The federal government said Friday that it will give farmers an additional $14bn to compensate them for the difficulties they have experienced selling their crops, milk and meat because of the coronavirus pandemic.
The United States Department of Agriculture released details of its plan that it said will provide “financial assistance that gives producers the ability to absorb increased marketing costs associated with the COVID-19 pandemic”.
President Donald Trump first mentioned the aid in a speech Thursday night in Wisconsin, a presidential battleground state that is considered vital for his chances to win a second term.
The additional payments illustrate the importance of farmers as a voting block to Trump’s re-election. He addressed them in Wisconsin directly, saying, “You gotta love Trump,” and promising favourable trade and regulatory changes, as well as tax cuts.
“Now, we have to get four more years to cement it, and to do additional things,” he said.
The coronavirus pandemic has created several problems for farmers. Lowered availability of labour has reduced crop and livestock production, as well as processing capacity in meatpacking plants and other facilities. These problems have pushed prices that farmers receive for commodities lower. They have also seen a drop in demand for some products as fewer people have been eating out. Farm households also have suffered from loss of income from off-farm jobs that they use to fund farm production needs, household living expenses and payments on farm business debt.
Agriculture groups applauded the additional money, much of which will come in direct payments for crops that meet a specified threshold of price decline. They include corn, soybeans, wheat and some cotton.
Chicken, eggs, milk, beef cattle, pigs and lambs also will be covered, as will tobacco, wool, alfalfa, oats, peanuts, rice and hemp.
Farmers can begin signing up for the money on Monday.
“We listened to feedback received from farmers, ranchers and agricultural organizations about the impact of the pandemic on our nations’ farms and ranches, and we developed a program to better meet the needs of those impacted,” Secretary of Agriculture Perdue said in a statement.
The program places a payment cap of $250,000 a person or farm entity for all commodities combined. Gross income cannot be more than $900,000, unless at least 75 per cent or more of their income is derived from farming, ranching or forestry-related activities.
In April, the administration rolled out a $19bn programme, most of which was in the form of direct farm payments. That followed $28bn the federal government gave farmers to compensate for two years of disruptions caused by Trump’s tariff battles with trading partners.
Some crop and livestock groups have criticised the way previous aid was divided, and National Farmers Union President Rob Larew made it clear in a statement that farmers want the money distributed fairly.

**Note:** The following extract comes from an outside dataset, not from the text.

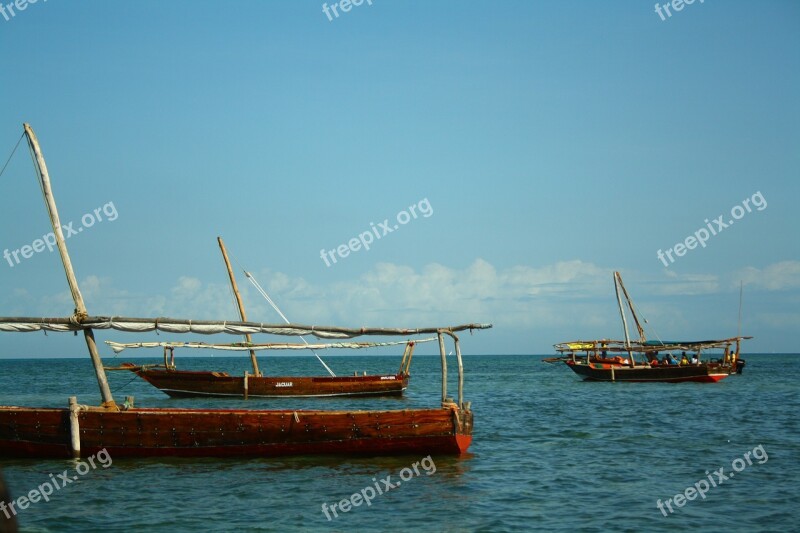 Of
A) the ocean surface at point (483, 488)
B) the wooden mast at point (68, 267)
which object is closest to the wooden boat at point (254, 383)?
the ocean surface at point (483, 488)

“The first round of funding, though greatly appreciated, was not without its flaws,” Larew said. “Not only did it favour large farms over smaller ones, it also sent millions of dollars to foreign-owned operations and excluded some farmers entirely.”

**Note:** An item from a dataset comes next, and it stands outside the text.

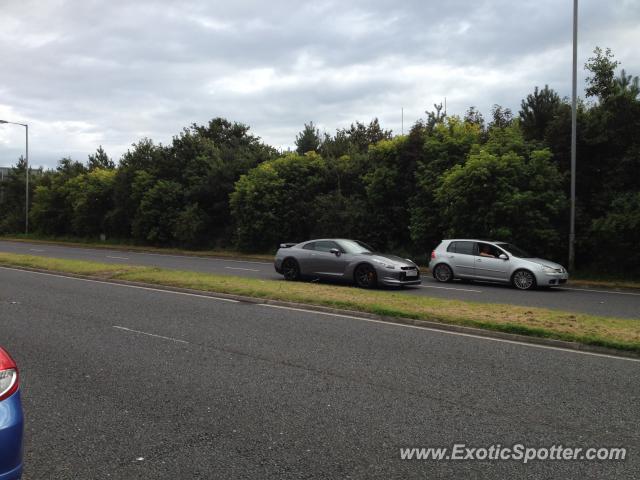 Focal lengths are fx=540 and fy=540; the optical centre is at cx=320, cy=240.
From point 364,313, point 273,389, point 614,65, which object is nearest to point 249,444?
point 273,389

He asked for congressional oversight and for the USDA to ensure that payments “are commensurate with demonstrated need”.
Scott Irwin, a University of Illinois professor who focuses on agricultural markets, said the federal payments have offset a “triple whammy” of low commodity prices, a trade war with China and a drop in demand due to the coronavirus. It is hard to overstate how much the payments have helped some Midwest corn and soybean farmers, Irwin said, noting that a University of Illinois analysis found that in 2019, various federal support programmes were responsible for 90 per cent of a median grain operation’s net farm income in Illinois.
“It has basically stopped the agricultural boat from leaking,” Irwin said. “It’s been so big under President Trump that, at least for the time being, the financial picture in agriculture is not going backward.”

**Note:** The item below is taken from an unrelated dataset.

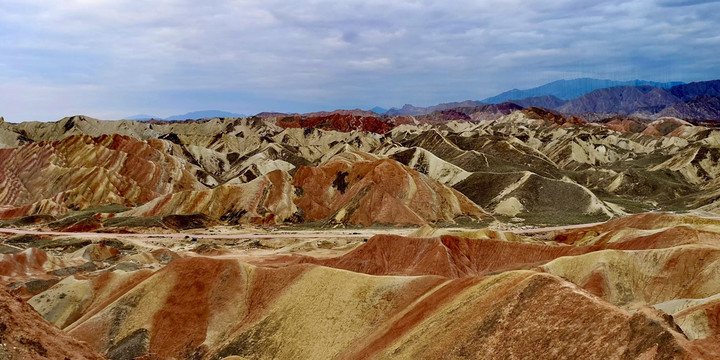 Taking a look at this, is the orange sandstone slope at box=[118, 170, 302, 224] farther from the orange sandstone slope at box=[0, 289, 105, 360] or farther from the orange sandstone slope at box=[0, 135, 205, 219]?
the orange sandstone slope at box=[0, 289, 105, 360]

Even as federal support has been responsible for more than one-third of US net farm income in 2020, Irwin said many farmers still are struggling because of poor prices.
“No one is getting rich from of all this aid because the market prices have been so low, but it has stopped the bleeding financially,” Irwin said.
The money for the farm programmes comes from the Commodity Credit Corporation, which was created in 1933. It has authority from Congress to borrow up to $30bn from the US Treasury and private lending agencies.
With the latest round of aid, the CCC may deplete its current limits, requiring a continuing resolution by Congress to replenish its funding, said John Newton, chief economist for the American Farm Bureau Federation.